Overall, even if it’s legal to fish with goldfish, it does not seem worth it.  It may be only slightly better to fish with dead goldfish.  In fact, Florida, North Dakota and West Virginia only permit goldfish as bait if they are dead.

What type of fish eat goldfish

For those of you who live in states that allow the use of goldfish as bait, you may be wondering what kind of fish are readily fooled into striking dime-store goldfish.

Well, pretty much any fish that preys on baitfish populations can be caught with goldfish.  Most goldfish are 2 to 3 inches long so large predatory fish are fair game.  

Here are the most popular species to target:

  • Bass (large and smallmouth)
  • Catfish
  • Crappie
  • Trout
  • Walleye

Bait alternatives

There are plenty of alternatives to using goldfish as bait that catch fish just as well, if not better.  Take the time to improve your skills with other lures and bait options and you will out fish anyone else who uses goldfish.

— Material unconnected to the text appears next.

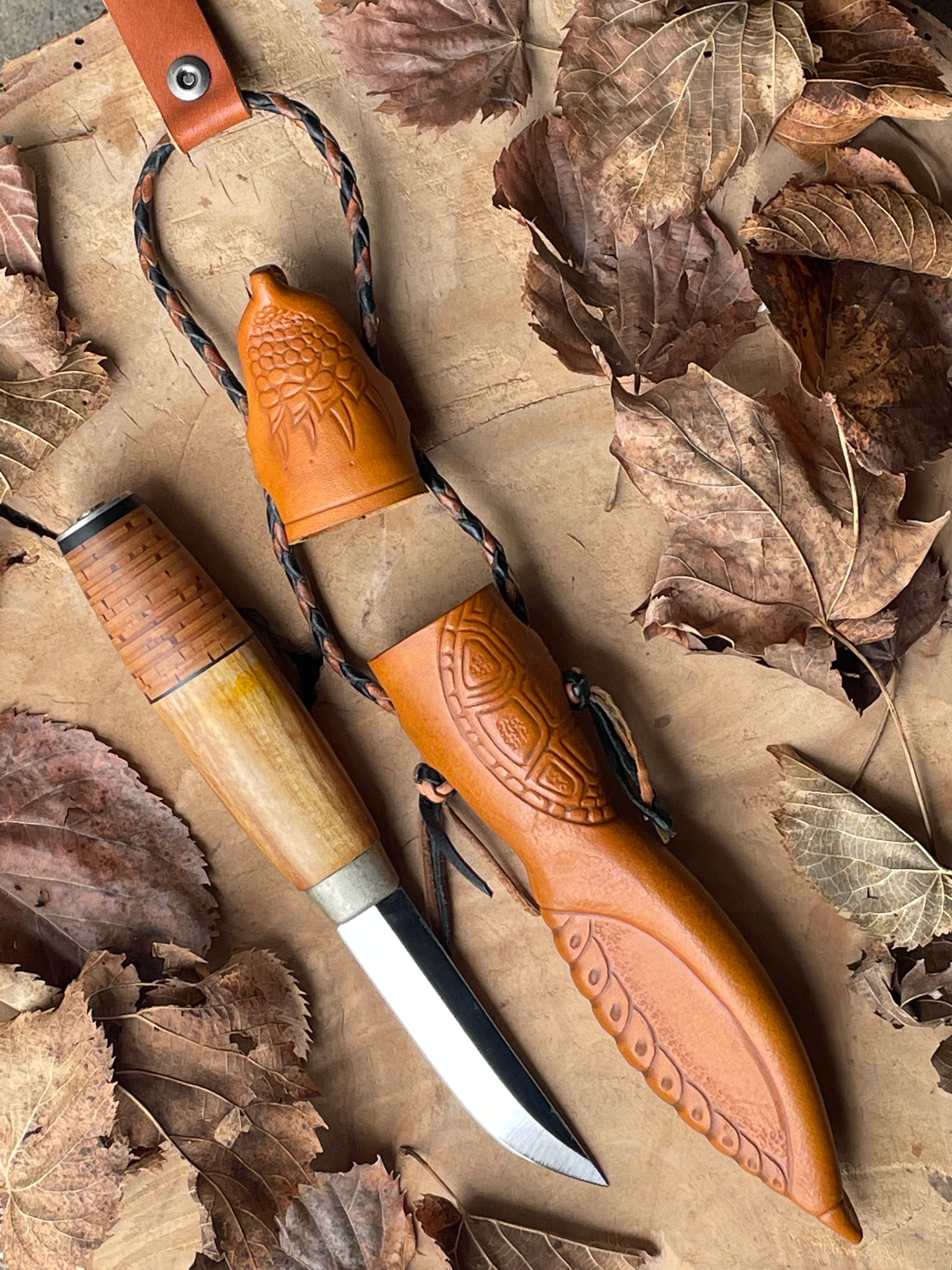 Mad Toad Leathercraft & Knives #20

Here are some of our favorite baits that outperform goldfish and will save you the hassle of bringing your pet to the lake.

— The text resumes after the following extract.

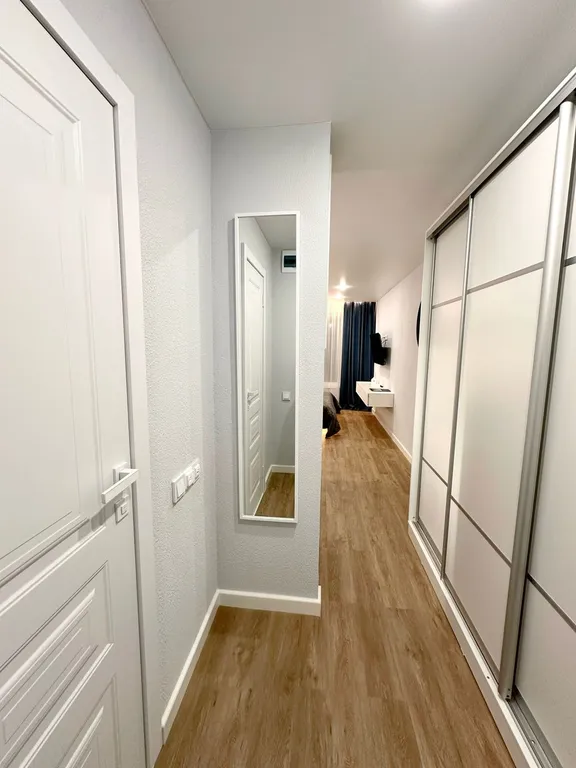 Уютная студия в центре Мурманска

Yep, the classic nightcrawler is the quintessential bait for catching all manners of fish.  It has been for generations and for good reason.  It never fails to catch loads of fish.  Almost every species (freshwater or saltwater) can be caught with worms.  

Use them under a bobber or tip the hook of your favorite lure with a worm to add some scent.  It is a fool proof bait and our first choice over goldfish any day.  To collect your own, read our popular article on Catching Nightcrawlers.

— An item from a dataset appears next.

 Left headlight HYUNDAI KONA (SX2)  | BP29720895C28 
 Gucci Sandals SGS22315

A close runner up to worms and the ideal choice for stocked trout anglers.  A multitude of colors, scents and styles help you find what works on any day of the week. 

Floating dough bait varieties are perfect for a Carolina rig style of fishing that keeps your bait right in the strike zone of cruising trout.


One of the cheapest and most effective baits you can find.  Corn is perfect for trout, panfish and kokanee.  It comes dye-cured with enticing scents or you can use regular canned corn.  Either way, plenty of fish will take the bait.  Some anglers chum with corn as well.

Want to see if fishing and chumming with corn is legal where you live?  Read our article about fishing with corn to learn everything you need to know.

Preserved emerald shiners

Live minnows are a challenge to keep fresh and lively.  Leave those difficulties behind and consider using preserved salted shiners.  They are great when jigging for walleye in  early spring and chunky smallmouth bass gobble them up.  Our only issue with them is their longevity on a hook.  The soft bodies fall apart after one or two fish strikes.

Goldfish imitations

Still convinced that goldfish are the hot ticket?  Try goldfish imitation lures.  You can find plenty of choices on Amazon and Al’s Original Goldfish Spoon is an excellent trout lure in both lakes and rivers.


Regardless of the laws, you should always think about the impacts of your bait choices.  Goldfish may seem like a great option but they pose a real danger to our favorite game fish fisheries.  

Use goldfish only where legal and when all else fails.  We recommend not using them at all but that is our opinion.  It’s just not worth the risk of introducing invasive species.  

There are loads of other bait options that work just as well, if not better, and you don’t have to worry about causing problems.  Remember, always check your local fishing regulations before using any type of bait.